Ein Loch gegen den Regen Fragen an Roman Sonderegger von Isabel Zürcher
Gibt es Dinge, die du nur oder vor allem aus deiner Arbeit lernst? Zensurfreies Spielen und Experimentieren. Versuchen, im Kopf möglichst offen zu bleiben. Erkennen, dass aus jeder Arbeit wieder eine nächste folgt und es daher nie zu Ende ist. Dieses Ungewisse aushalten können und dabei ein Vertrauen entwickeln, dass alles gut kommt.

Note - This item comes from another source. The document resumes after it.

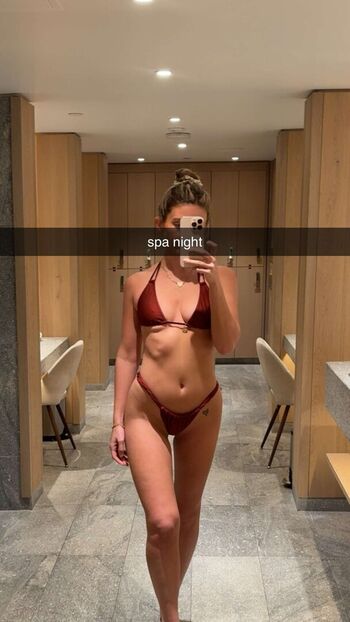 Carla bezanson page leaked private photo uncensored HD quality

Kennst du Glücksmomente beim Arbeiten? Und wenn ja: worin besteht das Glück? Wenn ich beim Betrachten einer vollendeten Arbeit laut lachen muss, kommt die Arbeit meist nicht so schlecht und das Gefühl dabei einem Glücksmoment ziemlich nahe. Das sind natürlich wunderbare Momente während eines Arbeitsprozesses. Meist ist aber eine gewisse Verzweiflung oder Unsicherheit im Vorfeld produktiver. Wenn etwas nicht gelingt, wie ich es mir vorstelle, lässt mir dies keine Ruhe. Inmitten dieser Gewitterwolken ist es nicht schön und kaum auszuhalten, aber es sind die Momente, in denen sich die Arbeit weiterentwickelt. Dies wird jedoch oft erst im Nachhinein klar. Aber dieses Wissen darum macht diese düsteren Phasen aushaltbar und wertvoll.
Was oder wen braucht deine Kunst am meisten? Die körperliche Präsenz von Menschen, welche den Werken physisch begegnen und gegenübertreten.

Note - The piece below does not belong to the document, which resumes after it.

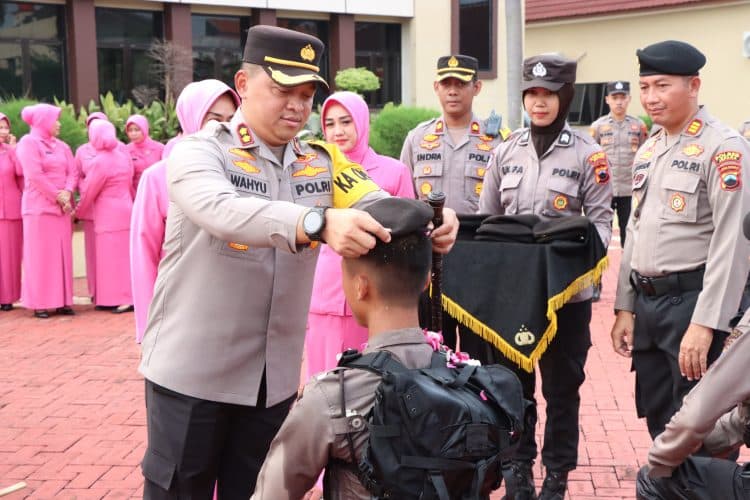 Pembinaan Tradisi Pembaretan Para Bintara Remaja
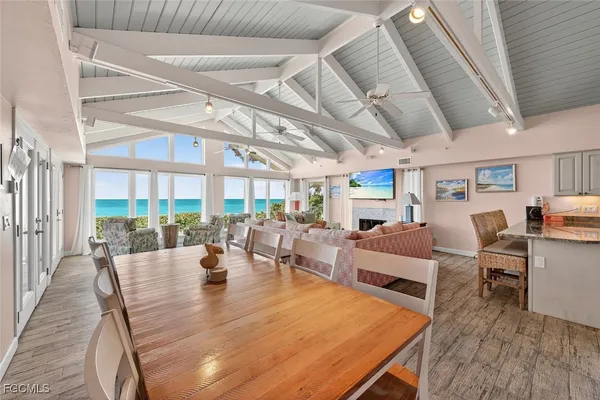 $3,995,000 | 15301 Captiva Drive, Captiva, FL 33924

Hat dein Schaffen mit Politik zu tun? Mit Poesie? Mit beidem? Wohl eher mit Poesie, die Politik ist jedenfalls nicht der Antrieb in meiner Arbeit. Ich versuche aber in meiner Auseinandersetzung in der Kunst mir meine Umgebung genau anzuschauen und dabei im Geist wach zu bleiben. Für eine kritische Sicht auf die Umwelt schadet dies sicher nicht. Vielleicht geschieht dies ja auch bei anderen Leuten und vielleicht lässt sich ein solch wacher Geist ja nicht alles gefallen.

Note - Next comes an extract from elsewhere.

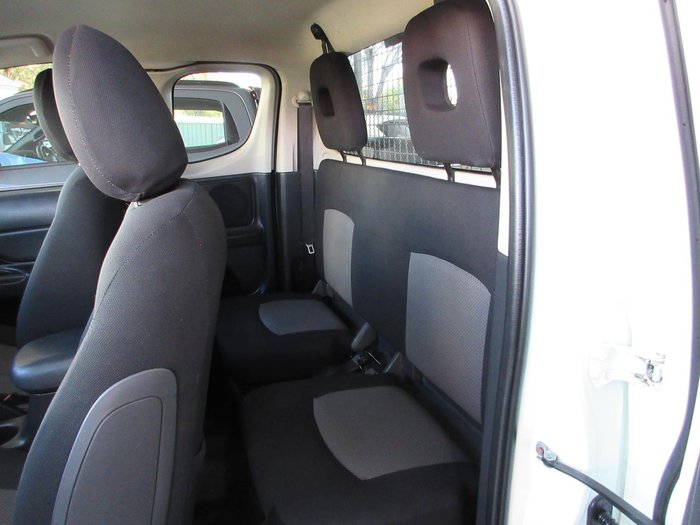 2022 Mitsubishi Triton GLX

Was sind für dich Kriterien des Erfolgs? Ein Werk ist für mich kein Endpunkt, eher eine Möglichkeit, etwas zu denken und Fragen zu stellen. Dabei Erfahrungen zu sammeln und in Kommendes einfliessen zu lassen. Der produktivste Erfolg ist für mich daher, wenn eine Arbeit zu einem Abschluss kommt und doch daraus etwas Weiteres hervorgeht. Wenn ein Werk neue Möglichkeiten öffnet.
Was kann Kunstkritik (im besten Fall)? Einen neuen Blick auf ein Werk werfen, einen Zugang und andere Bezüge schaffen, eine Sichtweise neben jener des bzw. der Kunstschaffenden ermöglichen.
Wenn dich Kunst (von anderen Künstler/innen) aufweckt, verstört, erschüttert, begeistert: Was kann ein Auslöser sein? Obwohl ich mir oft andere Künstler/innen anschaue und beobachte, wie sie agieren, ist mir die Architektur mittlerweile ein stärkerer Bezugspunkt geworden. Wie wird da mit Materialien und deren Masse, dem Raum – besser vielleicht: dem Zwischenraum – umgegangen, oder eben gerade nicht? Und wie entstehen dabei die verschiedenen Atmosphären? Daneben beschäftige ich mich gerne mit Themen unseres Universums. Weil in dessen riesigen Dimensionen unsere Vorstellung und Erfahrung von Raum und Zeit mächtig durcheinanderkommt und es beim darüber nachdenken wunderbare Knöpfe gibt im Gehirn. Und um wieder auf den Boden zu kommen, erfreue ich mich im Alltag an unerwarteten Situationen. Skulpturale Momente, welche vielleicht zufällig, vielleicht bewusst aus Pragmatismus entstanden sind und gerade deswegen eine besondere Qualität aufweisen.